Entries taken from a collection
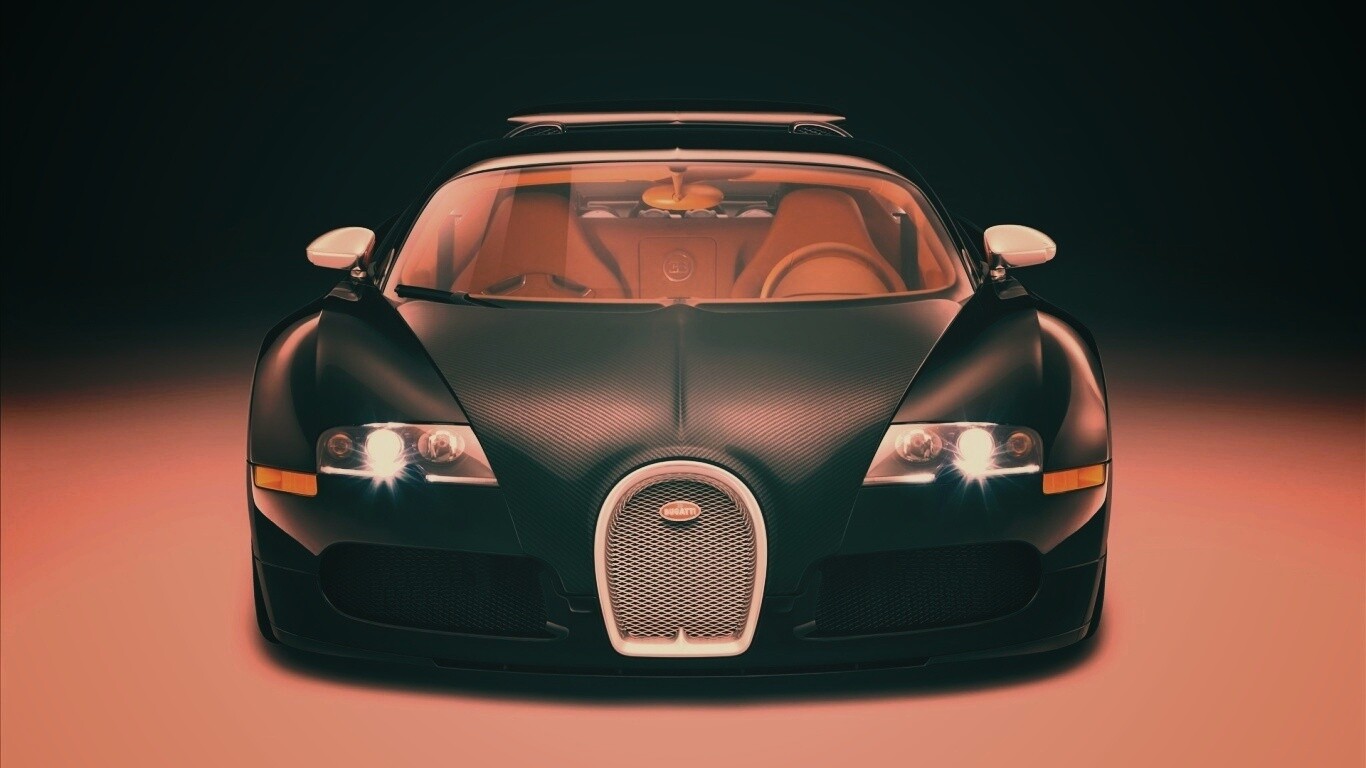 Bugatti обои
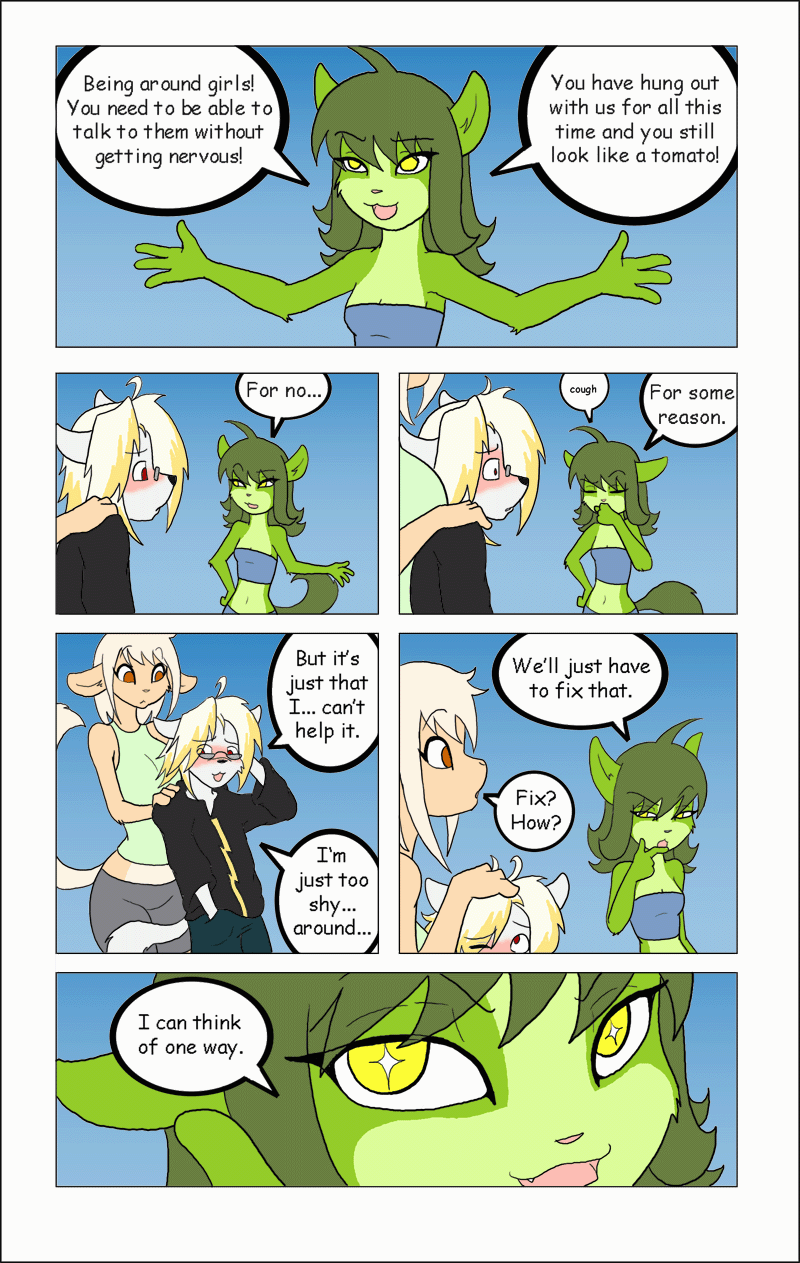 Espirit Comic page 5 full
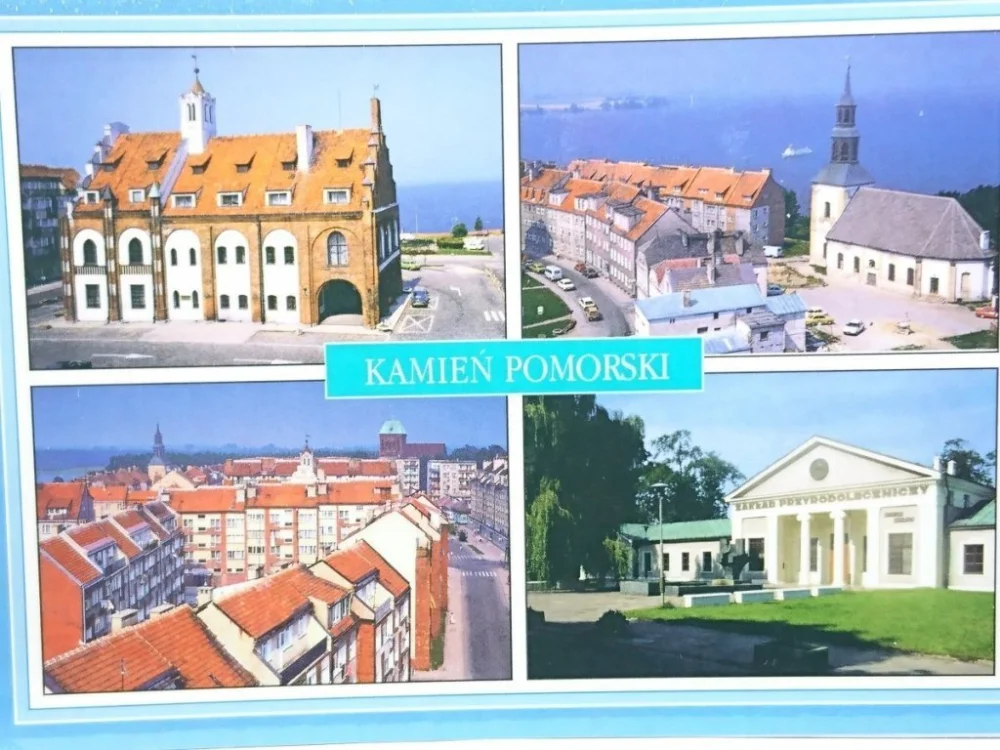 Bezpieczna płatność KAMIEŃ POMORSKI FOT RYSZARD JANOWSKI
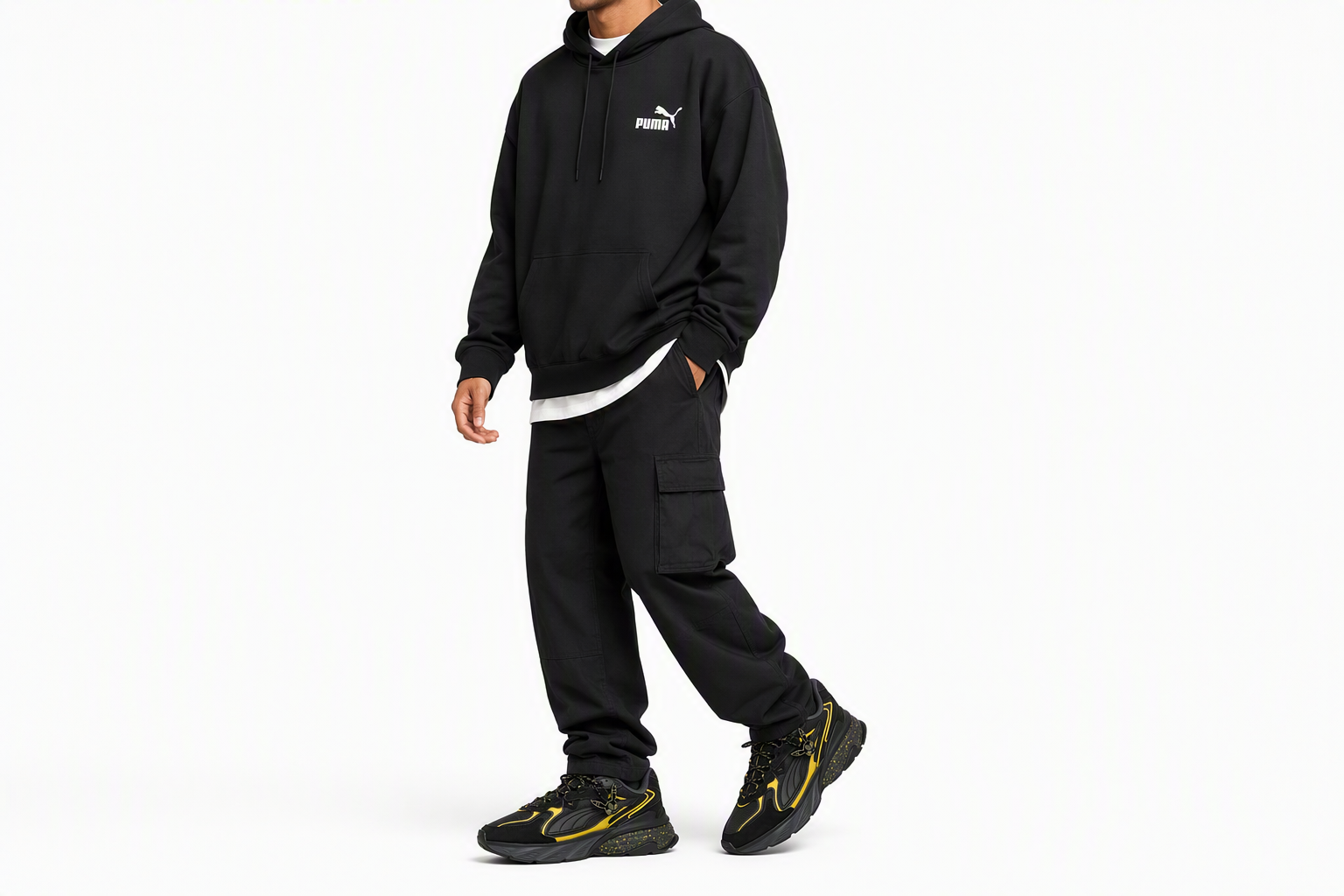 Order Pokémon x Puma Fade ''Day To Night Pack - Umbreon'' - Pokémon Scarpe Umbreon Puma 407024-01
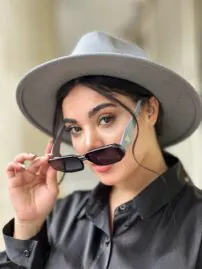 عینک آفتابی زنانه ترکیبی مادام بلا رشت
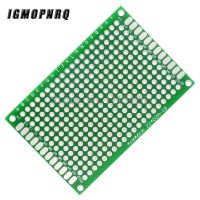 【cw】 5pcs 4x6cm 4x6cm Side Prototype PCB Printed Circuit Board !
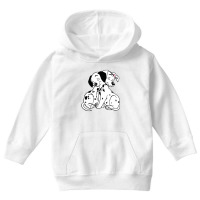 Dalmatian Youth Hoodie | Artistshot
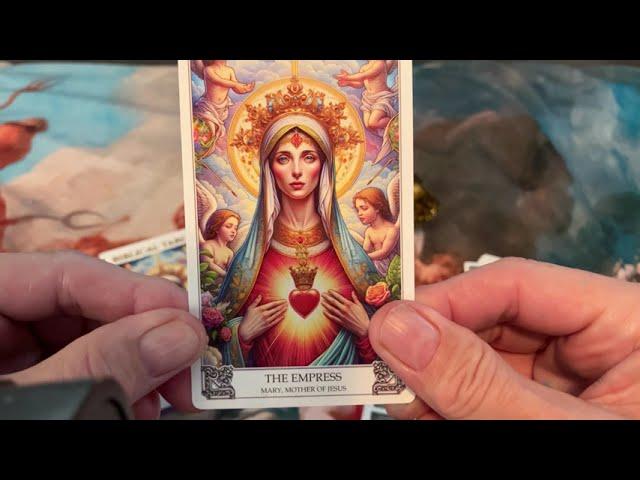 The Biblical Tarot flip through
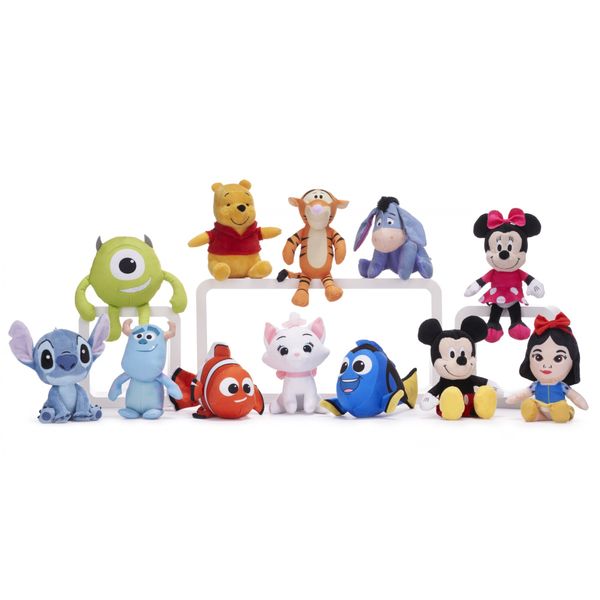 Disney Tsum Tsum Mini Plush Characters 3 inch Cuties You Choose Which One(s)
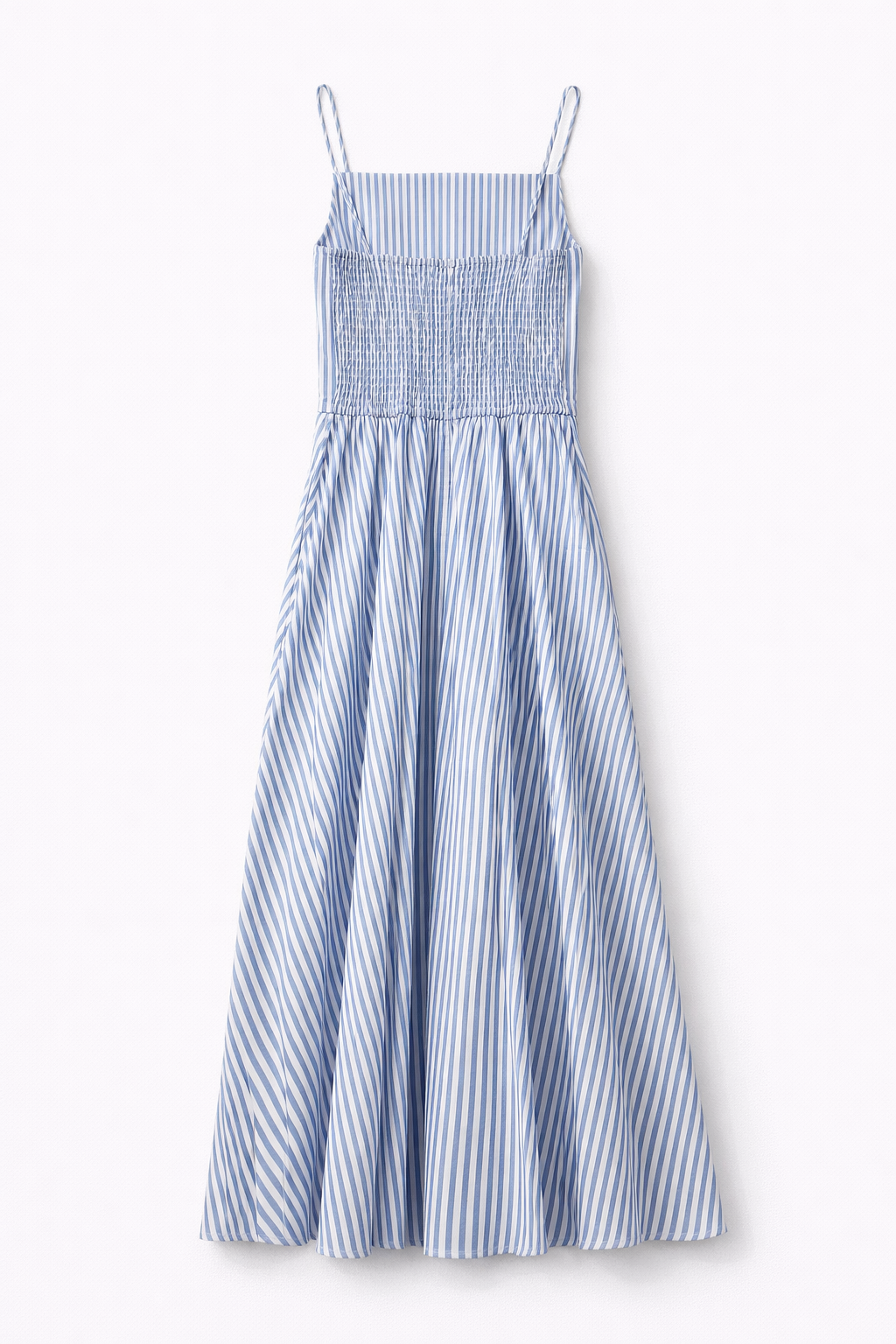 STRIPED STRAPPY JUMPER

- _What needs to be done_
A word-for-word copy of the lines from the one containing "Espirit Comic page 5 full" through the last line of the records is what is wanted, without pictures and without any other line.

- _Completed task_
 Espirit Comic page 5 full
 Bezpieczna płatność KAMIEŃ POMORSKI FOT RYSZARD JANOWSKI
 Order Pokémon x Puma Fade ''Day To Night Pack - Umbreon'' - Pokémon Scarpe Umbreon Puma 407024-01
 عینک آفتابی زنانه ترکیبی مادام بلا رشت
 【cw】 5pcs 4x6cm 4x6cm Side Prototype PCB Printed Circuit Board !
 Dalmatian Youth Hoodie | Artistshot
 The Biblical Tarot flip through
 Disney Tsum Tsum Mini Plush Characters 3 inch Cuties You Choose Which One(s)
 STRIPED STRAPPY JUMPER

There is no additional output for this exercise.